WASHINGTON Secretary of State Hillary Rodham Clinton said Monday that Syrian President Bashar Assad has "lost legitimacy" as a leader interested in reform as the United States formally protested an attack on the U.S. Embassy and the American ambassador's residence in Damascus.
Clinton's comments fell short of demanding that Assad leave power but were some of the strongest public criticism yet by a senior U.S. official and demonstrated Washington's anger not only at the embassy attack but the Assad regime's continuing crackdown on opponents.
"From our perspective, he has lost legitimacy," Clinton told reporters at the State Department in a joint news conference with European Union foreign policy chief Catherine Ashton. "He has failed to deliver on promises he has made, he has sought and accepted aid from the Iranians as to how to repress his own people."
Complete coverage: Anger in the Arab World
Clinton said there was a "laundry list of actions" that the Assad regime should be held accountable for. And she condemned the attacks on the U.S. and French embassies while demanding that Syria uphold its international treaty obligations to protect foreign diplomatic missions.

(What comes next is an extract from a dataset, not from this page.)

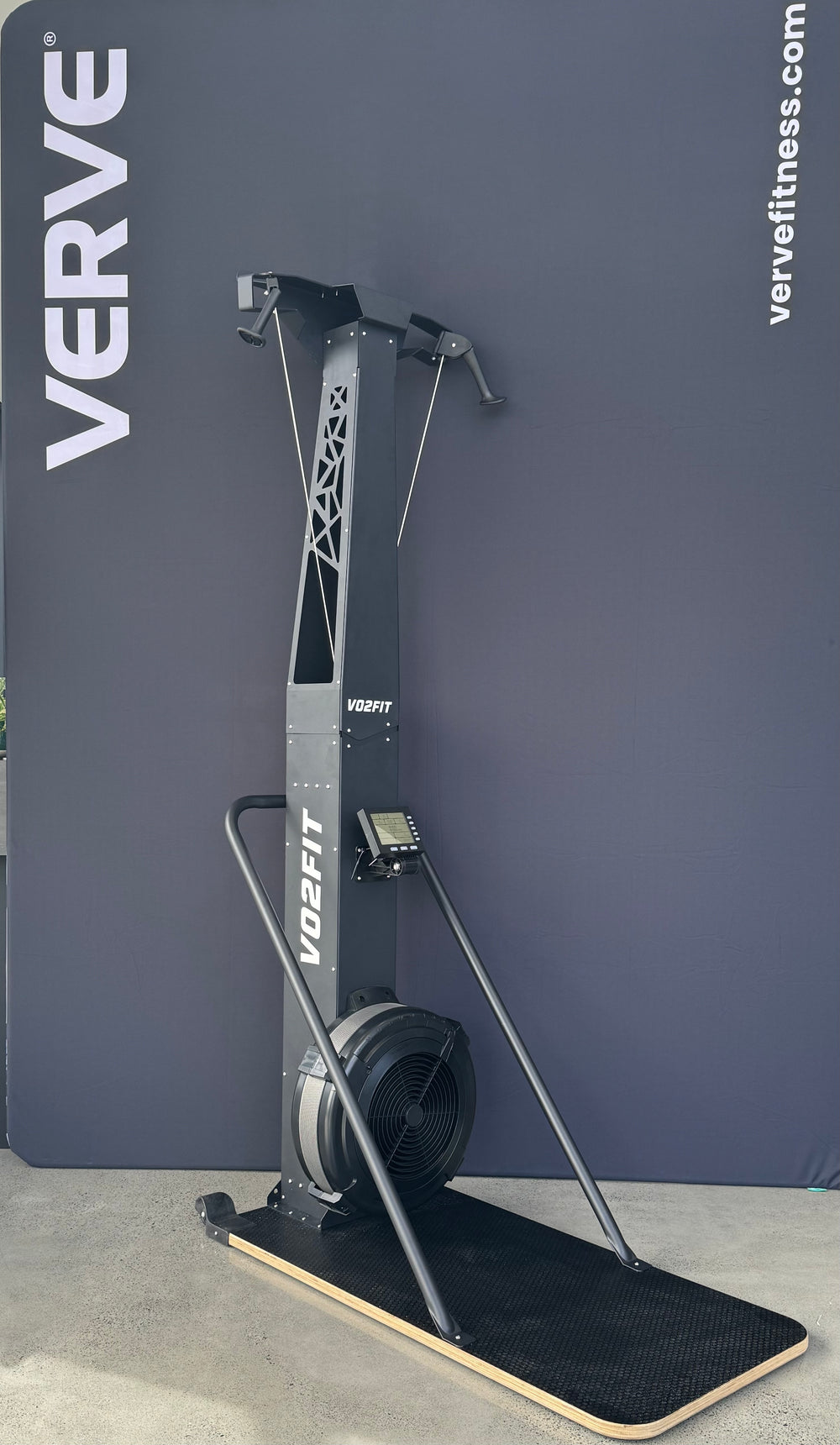 SkiErg VERVE et support en option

Earlier, the department summoned a senior Syrian diplomat to register the U.S. complaints in person and said it would seek compensation for damage caused when a mob of what it described as about 300 "thugs" breached the wall of the embassy compound before being dispersed by U.S. Marine guards.
Clinton cautioned Assad and his supporters that there was no truth to suggestions by some that the U.S. wanted to see the current regime stay in power for stabilities' sake.
"President Assad is not indispensible and we have absolutely nothing invested in him remaining in power," she said.
State Department spokeswoman Victoria Nuland said it appeared a government-controlled television statement had instigated the violence, and Clinton warned Assad that he could not distract the international community from its brutal crackdown on protesters demanding reforms.
"By either allowing or inciting this kind of behavior by these mobs against American and French diplomats and their property, they are clearly trying to deflect attention from their crackdown internally and to move the world's view away from what they are doing," Clinton said. "It just doesn't work."
Nuland called the embassy attacks "absolutely outrageous." She said the mob had not breached the chancery building but had gotten onto its roof, spray painted graffiti and broken windows and some security cameras. In addition, she said protesters lobbed fruits and vegetables at the compound.
She said that Syrian security forces who are supposed to guard the mission were slow to respond to the attack. There were no injuries reported to embassy personnel, who are all accounted for, officials said.
After the crowd at the embassy was dispersed, the protesters moved to the residence of U.S. Ambassador Robert Ford and attacked it, causing unspecified damage, Nuland said.
Witnesses said the protesters smashed windows at the embassy and raised a Syrian flag on the compound. They also wrote anti-US graffiti referring to the U.S. ambassador as a "dog," the witnesses said. The protests were over visits by the U.S. and French ambassadors last week to the opposition stronghold of Hama in central Syria.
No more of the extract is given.